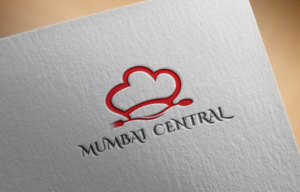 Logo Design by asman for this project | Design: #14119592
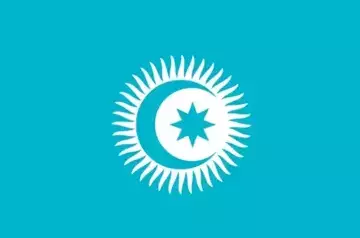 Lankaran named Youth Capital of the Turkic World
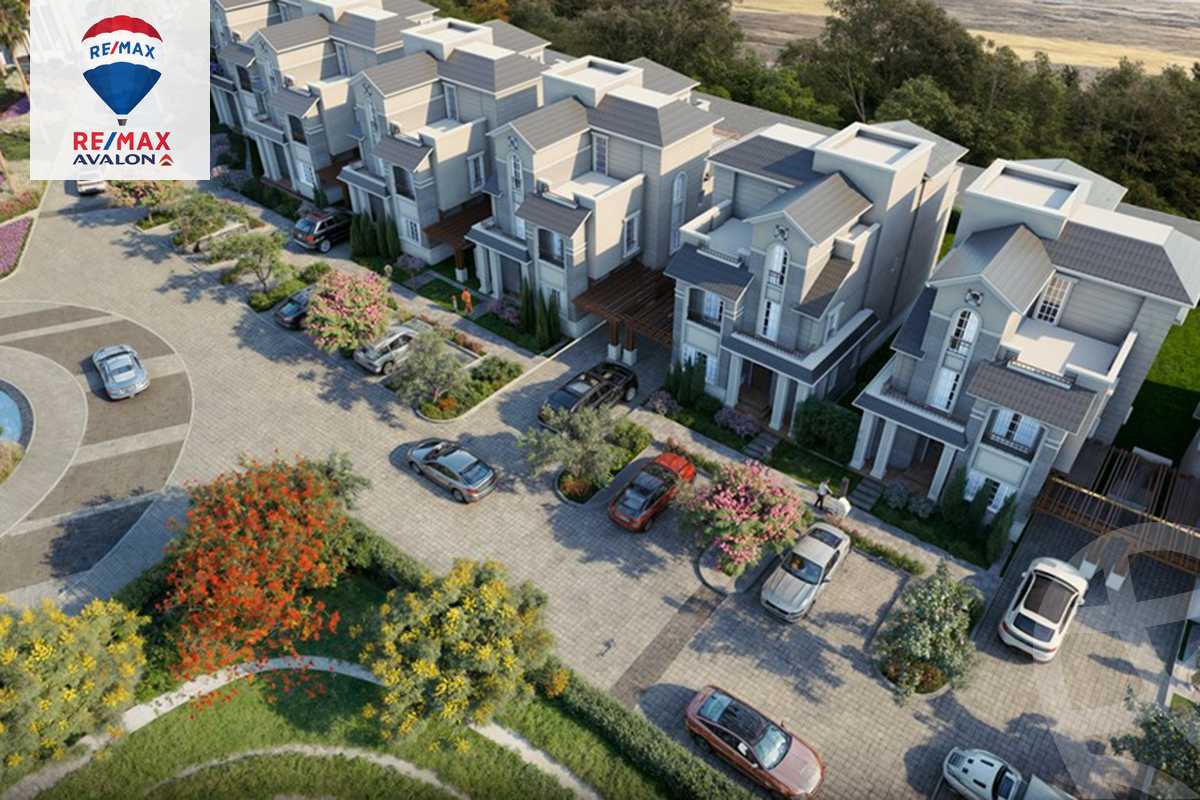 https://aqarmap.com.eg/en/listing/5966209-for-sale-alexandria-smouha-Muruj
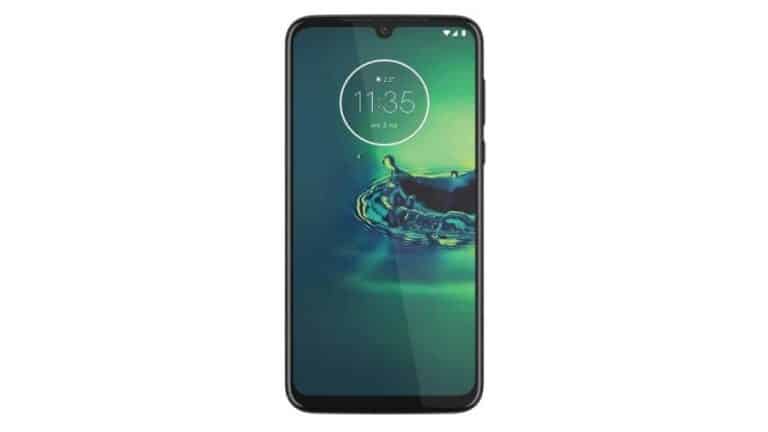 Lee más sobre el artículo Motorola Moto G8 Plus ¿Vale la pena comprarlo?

============

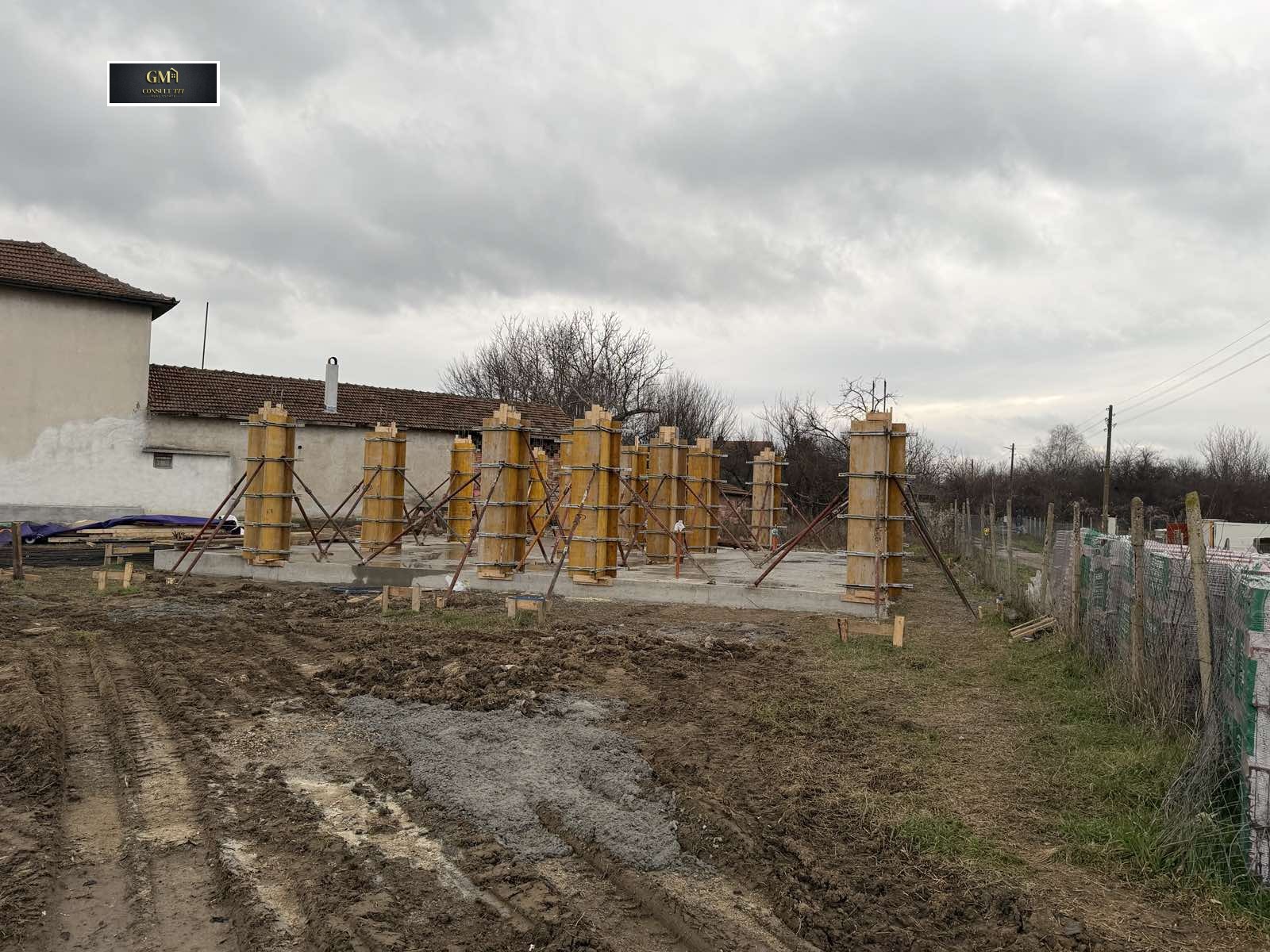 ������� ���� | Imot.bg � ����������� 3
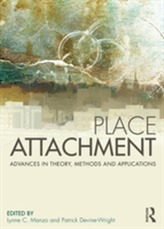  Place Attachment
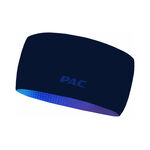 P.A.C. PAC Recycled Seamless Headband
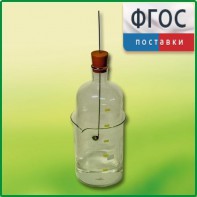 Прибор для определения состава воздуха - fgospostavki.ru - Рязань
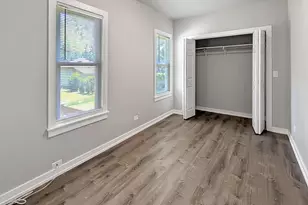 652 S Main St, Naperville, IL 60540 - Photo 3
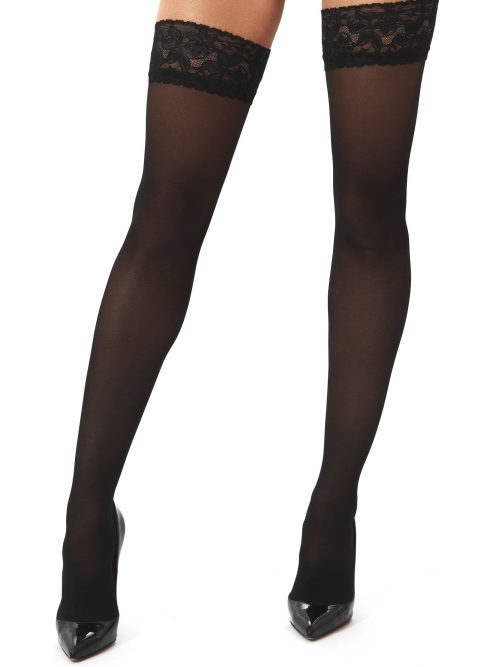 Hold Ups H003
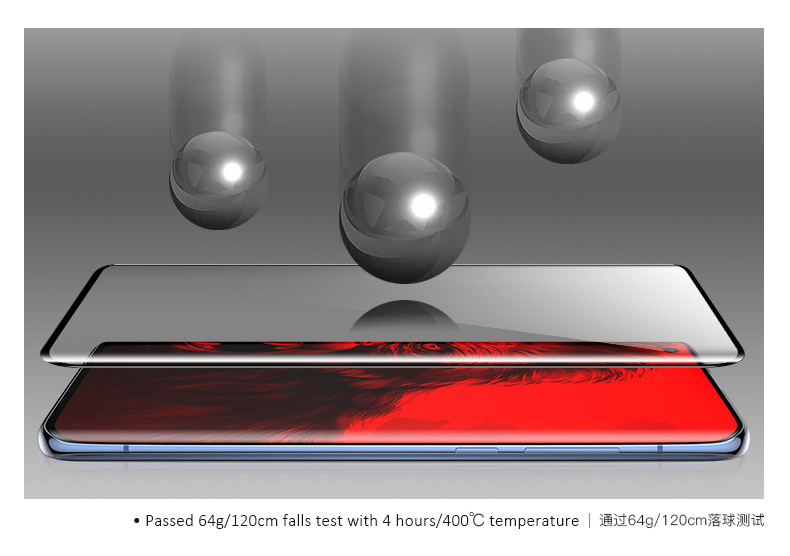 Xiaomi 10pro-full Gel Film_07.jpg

============

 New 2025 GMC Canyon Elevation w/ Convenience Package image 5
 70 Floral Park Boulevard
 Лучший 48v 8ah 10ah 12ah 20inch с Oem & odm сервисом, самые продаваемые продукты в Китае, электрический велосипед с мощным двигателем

============

** What you have to do **
Take the material above from the line containing "Lankaran named Youth" up to and including the line containing "Lee más sobre" and retype it exactly, without any pictures.

** Written solution **
 Lankaran named Youth Capital of the Turkic World
 https://aqarmap.com.eg/en/listing/5966209-for-sale-alexandria-smouha-Muruj
 Lee más sobre el artículo Motorola Moto G8 Plus ¿Vale la pena comprarlo?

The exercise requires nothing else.